Leading Indicators | Are we out of the woods yet? The latest BoE forecasts suggest we might be

Discover key economic and financial metrics, and what to look out for in the week ahead.
Written By:
William Matthews, Knight Frank
2 minutes to read

Here we look at the leading indicators commodities, trade, equities and more. in the world of economics. Download the dashboard for in-depth analysis into commodities, trade, equities and more.

CAUTIOUS OPTIMISM

The UK has (so far) avoided the recession that nearly all official forecasters anticipated at the beginning of the year. Meanwhile, the expected underperformance of the UK economy versus its European counterparts hasn’t widened further, with both the UK and Euro Area GDP growing by +0.1% q-q in Q1 2023. Pointing to this improved sentiment, the Bank of England provided its largest upgrade to growth projections since 1997, removing its previous expectation of the UK’s longest recession on record. The central bank now forecasts the UK economy to grow by +0.9% in the year to Q2 2024, which compares to its previous forecast of a -0.3% contraction. Meanwhile, some economists have suggested that today’s labour market data alleviates some of the pressure on the Bank of England to hike rates any further at its next meeting on 22nd June. Indeed, UK unemployment increased by 0.1ppts to 3.9% and headline total pay growth slowed in Q1.

POLARISATION PERSISTS

Across the UK Monthly MSCI index, commercial property yields have started to rise. In April, 26% of MSCI sector yields softened on a monthly rolling average basis, the highest proportion of softening yields since August 2020. However, it remains below the 76% share in March 2009. Meanwhile, 22% of MSCI yields compressed in April, and 52% were stable.
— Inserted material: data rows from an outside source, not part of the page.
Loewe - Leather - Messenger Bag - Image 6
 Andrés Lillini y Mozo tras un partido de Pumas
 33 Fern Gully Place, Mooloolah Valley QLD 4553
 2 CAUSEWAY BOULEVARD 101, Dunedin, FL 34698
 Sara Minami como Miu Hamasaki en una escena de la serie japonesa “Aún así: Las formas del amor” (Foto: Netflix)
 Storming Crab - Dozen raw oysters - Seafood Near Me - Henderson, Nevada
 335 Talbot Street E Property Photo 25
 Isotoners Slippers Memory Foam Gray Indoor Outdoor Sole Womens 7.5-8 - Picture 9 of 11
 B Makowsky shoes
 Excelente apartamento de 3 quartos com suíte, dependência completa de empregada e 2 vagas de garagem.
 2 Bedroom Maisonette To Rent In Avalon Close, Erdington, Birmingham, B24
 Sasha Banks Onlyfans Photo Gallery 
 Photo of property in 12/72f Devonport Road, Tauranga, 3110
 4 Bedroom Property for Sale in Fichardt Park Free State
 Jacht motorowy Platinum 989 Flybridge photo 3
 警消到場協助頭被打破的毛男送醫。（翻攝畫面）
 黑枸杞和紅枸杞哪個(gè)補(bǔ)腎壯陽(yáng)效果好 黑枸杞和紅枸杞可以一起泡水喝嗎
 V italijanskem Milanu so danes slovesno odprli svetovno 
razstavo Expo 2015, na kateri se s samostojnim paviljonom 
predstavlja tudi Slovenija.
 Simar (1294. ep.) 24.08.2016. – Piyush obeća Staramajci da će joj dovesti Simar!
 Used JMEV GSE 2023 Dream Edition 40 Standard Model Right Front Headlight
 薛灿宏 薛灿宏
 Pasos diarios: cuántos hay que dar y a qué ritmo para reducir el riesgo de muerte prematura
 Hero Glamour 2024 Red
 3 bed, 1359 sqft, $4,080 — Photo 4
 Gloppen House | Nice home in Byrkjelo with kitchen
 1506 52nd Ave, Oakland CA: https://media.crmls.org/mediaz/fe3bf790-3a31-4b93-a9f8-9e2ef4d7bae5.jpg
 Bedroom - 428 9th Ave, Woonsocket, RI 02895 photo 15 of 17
However, our latest Investment Yield Guide shows that prime yields are more stable, indicating polarisation within the market. In May, 67% of prime yields were stable, whilst 16% were softening and 16% were compressing. Polarisation in the performance of prime and secondary assets will likely continue, as prime yields are expected to stabilise quicker than secondary. Here, the Yield Guide points to positive or stable market sentiment for most retail subsectors, industrial and the specialist sectors.

CAN AI DRIVE THE ECONOMY?

New research suggests that AI adoption could lead to a +7% increase or c.$7 trillion rise in annual global GDP over the next 10 years. In line with this, other studies estimated a 3ppt rise in annual labour productivity growth in firms that adopt the new AI technology. While time will tell if this transpires, this could be significant for the UK, which has seen sluggish productivity growth, with an hour of work in 2022 producing just +0.4% more output than in 2021, according to the ONS. AI could be game changing for many professions, with studies suggesting the legal services, accountancy and travel sectors to be the most impacted.